School of Applied Biosciences, Kyungpook National University, Daegu, Republic of Korea.
PLoS One. 2019 Feb 15;14(2):e0212090. doi: 10.1371/journal.pone.0212090. eCollection 2019.
Variable region analysis of 16S rRNA gene sequences is the most common tool in bacterial taxonomic studies. Although used for distinguishing bacterial species, its use remains limited due to the presence of variable copy numbers with sequence variation in the genomes. In this study, 16S rRNA gene sequences, obtained from completely assembled whole genome and Sanger electrophoresis sequencing of cloned PCR products from Serratia fonticola GS2, were compared. Sanger sequencing produced a combination of sequences from multiple copies of 16S rRNA genes. To determine whether the variant copies of 16S rRNA genes affected Sanger sequencing, two ratios (5:5 and 8:2) with different concentrations of cloned 16S rRNA genes were used; it was observed that the greater the number of copies with similar sequences the higher its chance of amplification. Effect of multiple copies for taxonomic classification of 16S rRNA gene sequences was investigated using the strain GS2 as a model. 16S rRNA copies with the maximum variation had 99.42% minimum pairwise similarity and this did not have an effect on species identification. Thus, PCR products from genomes containing variable 16S rRNA gene copies can provide sufficient information for species identification except from species which have high similarity of sequences in their 16S rRNA gene copies like the case of Bacillus thuringiensis and Bacillus cereus. In silico analysis of 1,616 bacterial genomes from long-read sequencing was also done. The average minimum pairwise similarity for each phylum was reported with their average genome size and average "unique copies" of 16S rRNA genes and we found that the phyla Proteobacteria and Firmicutes showed the highest amount of variation in their copies of their 16S rRNA genes. Overall, our results shed light on how the variations in the multiple copies of the 16S rRNA genes of bacteria can aid in appropriate species identification.
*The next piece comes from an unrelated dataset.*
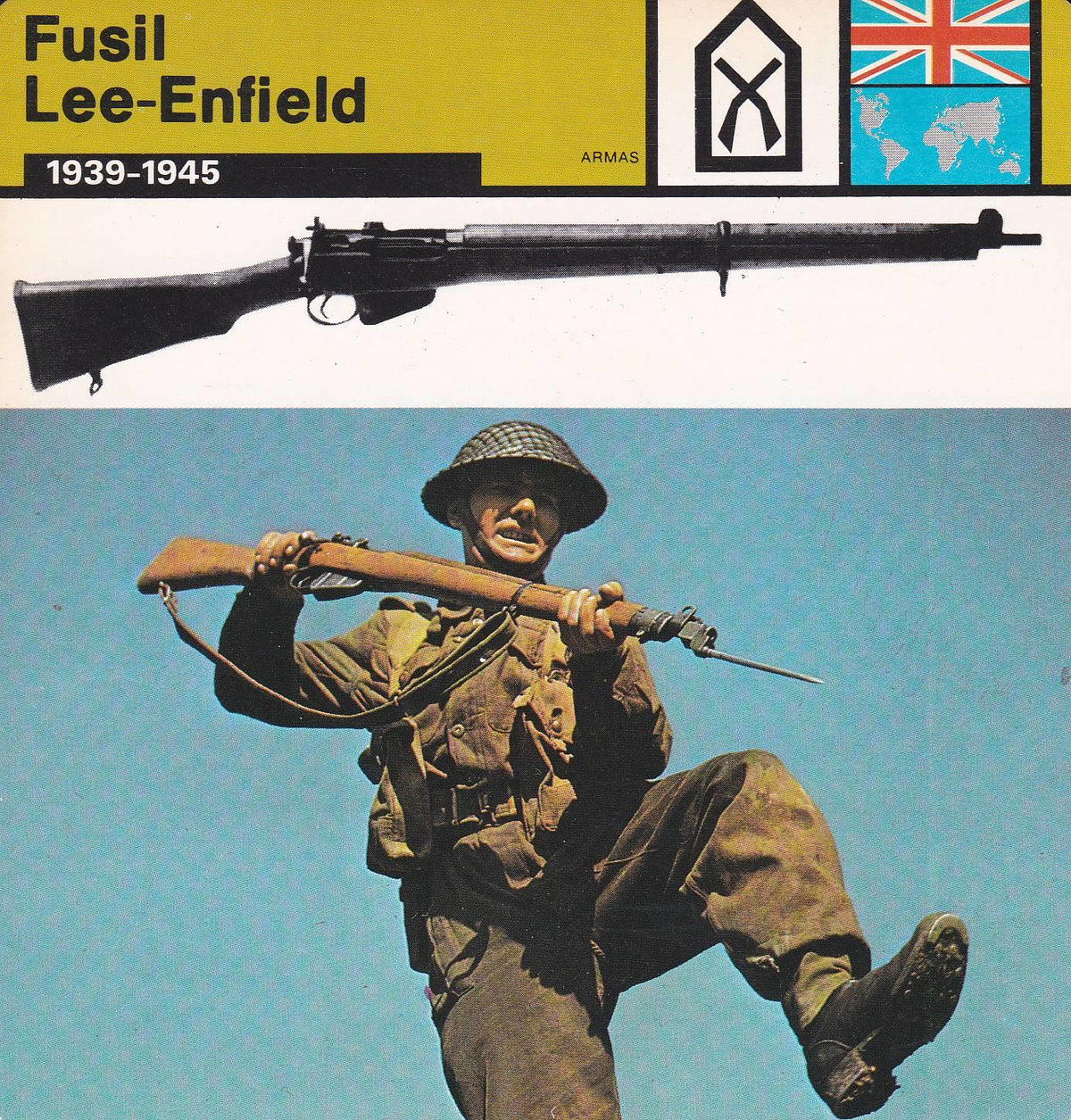 FICHA ARMAS: FUSIL LEE-ENFIELD. 1939-1945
16S rRNA 基因序列的可变区分析是细菌分类学研究中最常用的工具。尽管它被用于区分细菌物种,但由于基因组中存在可变拷贝数和序列变异,其应用仍然受到限制。在这项研究中,比较了从完全组装的全基因组和克隆 PCR 产物的 Sanger 电泳测序中获得的 Serratia fonticola GS2 的 16S rRNA 基因序列。Sanger 测序产生了多个 16S rRNA 基因拷贝的组合序列。为了确定 16S rRNA 基因的变异拷贝是否影响 Sanger 测序,使用了两种不同浓度克隆 16S rRNA 基因的比例(5:5 和 8:2);观察到具有相似序列的拷贝数越多,其扩增的机会就越大。使用菌株 GS2 作为模型,研究了 16S rRNA 基因序列的多个拷贝对分类的影响。具有最大变异的 16S rRNA 拷贝具有 99.42%的最小成对相似性,这不会影响物种鉴定。因此,包含可变 16S rRNA 基因拷贝的基因组的 PCR 产物可以提供足够的信息用于物种鉴定,除非在 16S rRNA 基因拷贝中具有高相似性的序列的物种,例如 Bacillus thuringiensis 和 Bacillus cereus 的情况。还对来自长读测序的 1,616 个细菌基因组进行了计算机分析。报告了每个门的平均最小成对相似性及其平均基因组大小和平均“独特拷贝”的 16S rRNA 基因,我们发现,门 Proteobacteria 和 Firmicutes 在其 16S rRNA 基因拷贝的变化量最大。总的来说,我们的结果揭示了细菌 16S rRNA 基因多个拷贝的变化如何有助于适当的物种鉴定。